The "hot lady" is a naughty limerick, and there is something exuberantly flighty about this piece. The yellow form is almost figural and the folded white metal, with its dark lines, flows like a robe.

Kiss #12, 1979; painted steel, 30 x 31 x 27 in. 

Yes, these works are abstract; they've often been said to be the equivalent in sculpture of Abstract Expressionist painting. But Chamberlain's sense of fun allows for figural interpretation; he encourages it with his choice of titles. In this version of Kiss, the pink, red, and yellow are as gorgeous as a blowsy dame; the crushed metal drum(s) like bodies crushed together.  It is an inventive update on Brancusi's sculpture, and like all his work, an utter transformation of forgotten materials into a vibrant presence. 

Constantin Brancusi, The Kiss, 1916; limestone, 23 x 13 1/4 s 10 in. From the Philadelphia Museum of Art website.


  1. yes, what a thrilling exhibit! despite the terrific color i kept referencing brush strokes with a big japanese brush - those sweeps of energy fitting together in calligraphic icons...

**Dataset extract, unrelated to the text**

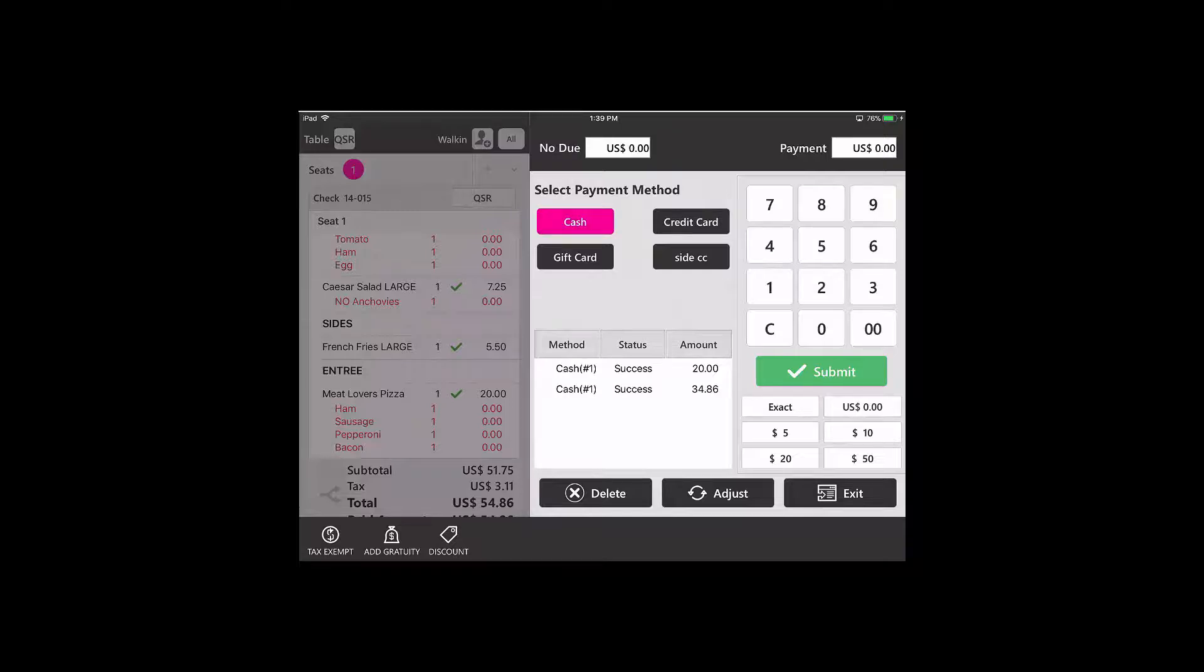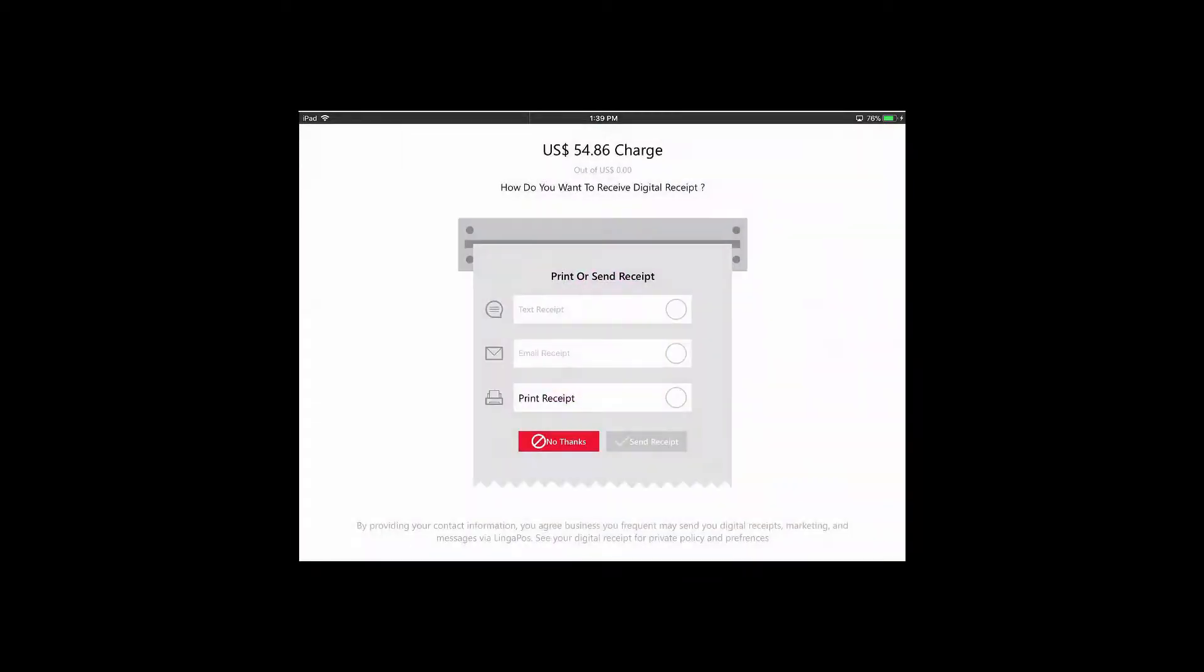And now there is no balance due so I can hit submit and the check is now closed.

    1. rappel, you're right about the energetic brush strokes made physical. There are so many interesting layers to this work.

  2. I like untitled 1961...another fabulous post. Thank You.

    1. You're very welcome, Jan; I enjoy sharing my enthusiasms.

  3. wonderful post, thanks Altoon. Did you get to the Biennial? it occurs to me, looking at the photos you've posted here, that these pedestal pieces would be interesting to compare with Vince Fecteau's sculptures. I haven't seen Vince's new work at the Biennial yet, but looking forward to taking it in, and this show too, hopefully on the same day!

    1. thanks, Ravenna. Yes, I went to the Biennial and liked the Fecteau work a lot. His stuff is quite demure and well mannered compared to Chamberlain.

  4. I like the 2nd "Untitled" 1961. It gives the impression of smallness, delicateness and lightness while many of the materials are rough and tough and monumental in a way.

    1. Elaine, you've put your finger on a wonderful aspect of those very small pieces which use such unartful materials.

  5. Another wonderful hour spent on an Altoon post and links. Thanks!

  6. I went to the show and it was surprisingly fun and I love the miniature ones and his collages with staples.
    Thanks for your wonderful photos and comments above to remind me of the pieces. I enjoyed seeing the welding of the pieces and obvious selection of color. And he didnt use many details on cars except for a handle occasionally which added to their magic.

  7. thanks, john.
    I'm so glad you liked the show, alicia.